The present invention relates to a semiconductor device in which a semiconductor chip generating heat is located between a pair of heat sinks and to a method for manufacturing the device.
A semiconductor chip for controlling large electric power and current generates so much heat in use that a proposed semiconductor device including the chip includes a pair of heat sinks, which are made of a metal such as copper and aluminum, to efficiently release the heat generated by the chip. As shown in FIG. 1, in a proposed semiconductor device 1, a semiconductor chip 2 and a coupler 5 are located between a first heat sink 3, or a lower heat sink 3, and a second heat sink 4, or an upper heat sink 4. The upper heat sink 4 and the coupler 5, the coupler 5 and the chip 2, and the chip 2 and the lower heat sink 3 are respectively connected by solders.
The upper and lower heat sinks 4, 3 also function as electrodes for the semiconductor chip. A mold resin 6 is located between the heat sinks 3, 4 to seal the chip 2, the coupler 5, and the solders. As illustrated in FIG. 1, the upper and lower heat sinks 4, 3 are respectively exposed on the lower surface and the upper surface of the device 1. Therefore, the upper and lower heat sinks 4, 3 efficiently transmit and release the heat generated by the chip 2 while being insulated partly by the mold resin 6.
As shown in FIG. 2, the semiconductor device 1 is located in use between a cooling member 7 and a U-shaped metal fixer 9, which is connected to the cooling member 7 by male screws 10. Two insulating sheets 8 are respectively located between the cooling member 7 and the device 1 and between the device 1 and the metal fixer 9. The cooling member 7 is made of a metal such as copper and aluminum, which can efficiently transmit and release heat. Although not illustrated, the cooling member includes a cooling water passage. The metal fixer 9 is made of a metal such as copper and aluminum. The insulating sheets 8 needs to be made of an insulating material that is thermally conductive and elastically shrinkable.
In the semiconductor device 1, the upper and lower heat sinks 4, 3 are exposed, so the insulating sheets 8 are needed to insulate the exposed surfaces and the metal fixer 9 is needed to transmit the heat generated by the chip 2 from the upper heat sink 4 to the cooling member 7. Therefore, the structure of the assembled article shown in FIG. 2 is relatively complicated, and the manufacturing cost of the assembled article is relatively high.
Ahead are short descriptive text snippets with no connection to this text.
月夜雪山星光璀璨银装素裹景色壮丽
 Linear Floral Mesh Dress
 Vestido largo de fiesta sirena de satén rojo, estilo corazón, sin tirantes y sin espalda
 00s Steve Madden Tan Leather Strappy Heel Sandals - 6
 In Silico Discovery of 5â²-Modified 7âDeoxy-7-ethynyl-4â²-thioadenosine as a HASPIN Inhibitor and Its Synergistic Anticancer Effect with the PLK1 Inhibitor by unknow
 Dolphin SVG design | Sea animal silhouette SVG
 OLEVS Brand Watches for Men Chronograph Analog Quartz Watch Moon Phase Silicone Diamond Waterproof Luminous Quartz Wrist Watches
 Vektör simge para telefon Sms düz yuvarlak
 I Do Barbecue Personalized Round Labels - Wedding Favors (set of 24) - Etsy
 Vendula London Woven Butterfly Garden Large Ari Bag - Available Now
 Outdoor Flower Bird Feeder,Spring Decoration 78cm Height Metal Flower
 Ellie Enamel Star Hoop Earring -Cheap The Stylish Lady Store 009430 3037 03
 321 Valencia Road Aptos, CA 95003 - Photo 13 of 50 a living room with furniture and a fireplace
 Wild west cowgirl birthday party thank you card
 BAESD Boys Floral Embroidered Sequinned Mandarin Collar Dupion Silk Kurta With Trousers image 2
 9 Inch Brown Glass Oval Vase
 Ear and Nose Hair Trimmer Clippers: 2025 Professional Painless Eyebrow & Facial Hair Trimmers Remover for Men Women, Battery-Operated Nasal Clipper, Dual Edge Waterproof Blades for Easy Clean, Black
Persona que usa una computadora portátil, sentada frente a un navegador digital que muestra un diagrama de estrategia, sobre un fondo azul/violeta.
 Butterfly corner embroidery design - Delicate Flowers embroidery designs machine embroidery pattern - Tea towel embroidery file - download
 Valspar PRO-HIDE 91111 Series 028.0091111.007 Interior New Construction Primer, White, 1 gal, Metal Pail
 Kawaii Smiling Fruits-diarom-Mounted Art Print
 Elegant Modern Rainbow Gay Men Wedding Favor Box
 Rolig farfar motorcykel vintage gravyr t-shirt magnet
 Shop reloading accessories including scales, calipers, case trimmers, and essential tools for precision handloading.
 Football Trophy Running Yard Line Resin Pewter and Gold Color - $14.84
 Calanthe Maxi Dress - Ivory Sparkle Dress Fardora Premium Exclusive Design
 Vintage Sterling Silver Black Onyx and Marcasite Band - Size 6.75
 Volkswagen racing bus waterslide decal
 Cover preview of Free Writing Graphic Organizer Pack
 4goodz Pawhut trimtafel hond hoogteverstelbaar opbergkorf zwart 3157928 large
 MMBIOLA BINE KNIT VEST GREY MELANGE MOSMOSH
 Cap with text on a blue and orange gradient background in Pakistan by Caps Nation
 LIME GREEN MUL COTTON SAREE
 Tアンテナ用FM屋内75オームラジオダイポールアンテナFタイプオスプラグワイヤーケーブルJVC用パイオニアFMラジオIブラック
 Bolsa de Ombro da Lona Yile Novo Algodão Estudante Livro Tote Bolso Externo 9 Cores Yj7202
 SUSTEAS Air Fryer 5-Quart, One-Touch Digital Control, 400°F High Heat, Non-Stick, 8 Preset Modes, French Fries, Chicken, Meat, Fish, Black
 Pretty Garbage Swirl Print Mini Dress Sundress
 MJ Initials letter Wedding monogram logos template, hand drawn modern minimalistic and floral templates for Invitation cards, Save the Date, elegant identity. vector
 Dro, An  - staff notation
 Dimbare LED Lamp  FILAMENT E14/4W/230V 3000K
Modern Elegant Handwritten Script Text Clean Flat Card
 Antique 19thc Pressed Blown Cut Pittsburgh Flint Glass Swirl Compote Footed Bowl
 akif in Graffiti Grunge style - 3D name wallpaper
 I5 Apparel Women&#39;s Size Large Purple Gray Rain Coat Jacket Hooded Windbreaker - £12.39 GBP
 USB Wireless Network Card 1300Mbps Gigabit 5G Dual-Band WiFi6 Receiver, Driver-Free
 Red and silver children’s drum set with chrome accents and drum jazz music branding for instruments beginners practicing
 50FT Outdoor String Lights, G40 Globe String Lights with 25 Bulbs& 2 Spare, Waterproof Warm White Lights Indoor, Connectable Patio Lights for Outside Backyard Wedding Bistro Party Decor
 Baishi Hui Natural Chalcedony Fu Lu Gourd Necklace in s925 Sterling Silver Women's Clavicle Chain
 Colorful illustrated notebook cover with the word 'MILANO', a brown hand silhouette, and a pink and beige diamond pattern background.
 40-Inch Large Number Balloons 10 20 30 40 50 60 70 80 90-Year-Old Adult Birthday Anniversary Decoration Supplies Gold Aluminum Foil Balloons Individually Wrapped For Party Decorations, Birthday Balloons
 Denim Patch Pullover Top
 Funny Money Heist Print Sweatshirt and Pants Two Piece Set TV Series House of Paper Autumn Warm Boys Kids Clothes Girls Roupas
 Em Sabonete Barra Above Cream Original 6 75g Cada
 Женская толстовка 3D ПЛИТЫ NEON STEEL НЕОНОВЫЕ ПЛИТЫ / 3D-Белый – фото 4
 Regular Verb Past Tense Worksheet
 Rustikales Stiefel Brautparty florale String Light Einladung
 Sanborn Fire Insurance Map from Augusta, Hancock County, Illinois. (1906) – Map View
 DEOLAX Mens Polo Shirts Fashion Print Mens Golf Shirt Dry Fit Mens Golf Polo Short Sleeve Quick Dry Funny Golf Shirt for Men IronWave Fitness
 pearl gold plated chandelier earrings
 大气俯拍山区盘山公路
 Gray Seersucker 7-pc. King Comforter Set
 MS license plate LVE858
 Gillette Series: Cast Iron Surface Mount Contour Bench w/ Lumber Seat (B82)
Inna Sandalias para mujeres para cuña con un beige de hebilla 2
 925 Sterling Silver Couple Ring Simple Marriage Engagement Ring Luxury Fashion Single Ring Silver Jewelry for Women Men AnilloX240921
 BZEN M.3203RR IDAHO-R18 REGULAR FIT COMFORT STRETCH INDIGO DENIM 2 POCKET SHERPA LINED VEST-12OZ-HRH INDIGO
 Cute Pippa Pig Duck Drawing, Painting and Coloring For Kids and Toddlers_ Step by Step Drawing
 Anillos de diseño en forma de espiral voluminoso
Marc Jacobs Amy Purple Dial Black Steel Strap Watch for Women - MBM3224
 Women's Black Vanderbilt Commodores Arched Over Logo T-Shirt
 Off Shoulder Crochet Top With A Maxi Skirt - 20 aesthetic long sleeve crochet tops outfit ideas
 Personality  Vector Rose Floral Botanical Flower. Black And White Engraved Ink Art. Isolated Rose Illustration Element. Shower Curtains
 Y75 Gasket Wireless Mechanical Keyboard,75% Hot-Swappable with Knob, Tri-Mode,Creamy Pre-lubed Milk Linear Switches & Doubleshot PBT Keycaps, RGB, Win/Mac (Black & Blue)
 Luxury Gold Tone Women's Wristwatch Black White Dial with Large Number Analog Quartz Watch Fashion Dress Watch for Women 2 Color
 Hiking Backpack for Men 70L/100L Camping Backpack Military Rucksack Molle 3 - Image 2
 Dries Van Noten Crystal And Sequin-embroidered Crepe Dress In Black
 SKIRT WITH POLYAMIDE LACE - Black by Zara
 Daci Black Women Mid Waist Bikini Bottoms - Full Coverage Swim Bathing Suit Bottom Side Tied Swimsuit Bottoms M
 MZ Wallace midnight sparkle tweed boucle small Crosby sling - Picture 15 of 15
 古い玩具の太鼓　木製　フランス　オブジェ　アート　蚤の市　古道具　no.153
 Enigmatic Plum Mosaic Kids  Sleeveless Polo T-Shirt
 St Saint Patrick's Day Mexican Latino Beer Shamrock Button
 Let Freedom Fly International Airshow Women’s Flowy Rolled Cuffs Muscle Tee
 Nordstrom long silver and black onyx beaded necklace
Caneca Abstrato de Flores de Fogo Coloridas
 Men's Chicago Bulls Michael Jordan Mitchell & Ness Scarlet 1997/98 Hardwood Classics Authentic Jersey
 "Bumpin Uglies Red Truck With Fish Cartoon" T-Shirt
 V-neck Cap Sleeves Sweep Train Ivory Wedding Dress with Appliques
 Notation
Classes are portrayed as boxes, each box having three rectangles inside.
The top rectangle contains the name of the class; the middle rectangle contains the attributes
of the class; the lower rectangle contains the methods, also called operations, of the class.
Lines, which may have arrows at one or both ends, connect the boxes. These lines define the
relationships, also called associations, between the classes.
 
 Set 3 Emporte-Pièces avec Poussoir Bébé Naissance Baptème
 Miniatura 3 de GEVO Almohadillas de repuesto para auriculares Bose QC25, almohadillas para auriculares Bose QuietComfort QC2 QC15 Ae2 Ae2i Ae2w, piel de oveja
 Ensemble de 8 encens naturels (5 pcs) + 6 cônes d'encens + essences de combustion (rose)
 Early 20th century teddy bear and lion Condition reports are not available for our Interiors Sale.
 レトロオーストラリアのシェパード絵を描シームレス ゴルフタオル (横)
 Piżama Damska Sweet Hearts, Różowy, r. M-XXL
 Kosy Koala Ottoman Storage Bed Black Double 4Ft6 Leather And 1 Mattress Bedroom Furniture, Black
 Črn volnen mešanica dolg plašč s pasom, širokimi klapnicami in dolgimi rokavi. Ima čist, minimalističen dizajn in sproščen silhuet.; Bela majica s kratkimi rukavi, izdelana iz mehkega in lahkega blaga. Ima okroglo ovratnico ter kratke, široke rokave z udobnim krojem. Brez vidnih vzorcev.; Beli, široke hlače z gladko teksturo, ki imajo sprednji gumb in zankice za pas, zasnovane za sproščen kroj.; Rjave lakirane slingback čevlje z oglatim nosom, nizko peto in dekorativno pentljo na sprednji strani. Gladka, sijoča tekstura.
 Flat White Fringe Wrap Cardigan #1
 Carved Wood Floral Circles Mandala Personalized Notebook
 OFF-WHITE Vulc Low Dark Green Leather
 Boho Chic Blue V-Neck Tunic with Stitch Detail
In addition, the thickness of the semiconductor device 1 deviates to some degree. Therefore, when the semiconductor device 1 is fixed to the cooling member 7 with the metal fixer 9, it is difficult to control the force with which the metal fixer 9 presses the device 1 against the cooling member 7. When the thickness of the semiconductor device 1 deviates too much from a predetermined value, the semiconductor device 1 breaks or is not firmly fixed to the cooling member 7. If only the insulating sheets 8 absorbed the force enough, the above problem could be solved. However, no material that is elastically shrinkable enough to be used for the insulating sheets 8 has been available yet.
Moreover, in the semiconductor device 1, the heat generated by the semiconductor chip 2 is partially transmitted from the upper heat sink 4 to the cooling member 7 through one of the insulating sheets 8 and the metal fixer 9. Therefore, the heat transmission path through the upper heat sink 4 is much longer than that through the lower heat sink 3, so the upper heat sink 4 releases the heat less efficiently than the lower heat sink 3.